There is no linter available for SystemC. In other words, the SystemC semantics that is build on top of C++ syntax, is not checked within the compilation process. The effect of this is that illegal semantics that are syntactically correct will not produce compiler errors or warnings. In these occasions, the programs will cause a run-time error, which are usually harder to locate than compile-time errors. In addition, standard C++ compiler will produce undecipherable error messages, when the illegal use of SystemC semantics yields and syntactical error within the SystemC library.
Interaction with other software environments and native C/C++ and SystemC can be troublesome. This is due to two reasons. 1) main() function of the SystemC executable of within the SystemC kernel and thus not easily modifiable by the programmer. This implies that SystemC kernel is the top-level entity in the system and all the functionality must be executed within SystemC components. 2) There is no standard way of creating SystemC events from nonSystemC sources. Significance of this is that SystemC processes cannot be made sensitive to anything that is not implemented with SystemC channel types.

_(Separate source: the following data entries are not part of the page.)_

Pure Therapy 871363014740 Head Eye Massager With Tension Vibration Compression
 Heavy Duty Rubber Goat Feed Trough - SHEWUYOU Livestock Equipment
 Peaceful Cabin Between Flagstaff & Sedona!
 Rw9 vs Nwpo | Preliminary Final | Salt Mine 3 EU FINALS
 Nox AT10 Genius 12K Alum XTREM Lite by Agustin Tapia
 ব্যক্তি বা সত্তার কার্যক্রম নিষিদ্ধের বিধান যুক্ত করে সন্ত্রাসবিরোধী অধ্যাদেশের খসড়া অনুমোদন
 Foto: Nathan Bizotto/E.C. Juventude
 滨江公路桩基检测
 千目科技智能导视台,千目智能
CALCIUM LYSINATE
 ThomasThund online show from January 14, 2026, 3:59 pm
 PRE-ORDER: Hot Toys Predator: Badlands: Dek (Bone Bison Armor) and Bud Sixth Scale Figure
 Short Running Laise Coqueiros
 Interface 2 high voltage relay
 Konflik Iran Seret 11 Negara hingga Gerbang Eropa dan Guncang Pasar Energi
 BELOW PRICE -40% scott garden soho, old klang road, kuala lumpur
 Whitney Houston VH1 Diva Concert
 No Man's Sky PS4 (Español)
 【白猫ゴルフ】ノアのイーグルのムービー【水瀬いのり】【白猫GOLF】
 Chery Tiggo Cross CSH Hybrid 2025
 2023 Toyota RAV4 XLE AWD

For example in the case presented in the paper, it would have been useful to be able to be sensitive to the MicroBlaze ISS output variables, which are implemented in native C++.
Conclusion
Pin and cycle accurate SystemC modelling provides high-speed alternative to RTL HDL simulation of reconfigurable embedded systems. This paper demonstrated the usability and speed of SystemC model simulation by booting up uClinux on SystemC model of MicroBlaze VanillaNet platform. The speed of cycle accurate SystemC models range from 60 kHz to 150 kHz. Models that have capability of turning cycle accuracy on and off during the simulation can achieve simulation speed of up to 280 kHz. However, due to techniques used, the effective simulation speed can be up to 578 kHz. The speedup compared to RTL HDL simulation ranges from 360x to 10 000x, depending on the used SystemC model. Due to higher simulation speed, SystemC modelling facilitates early embedded software development and enables rapid and easy architectural exploration.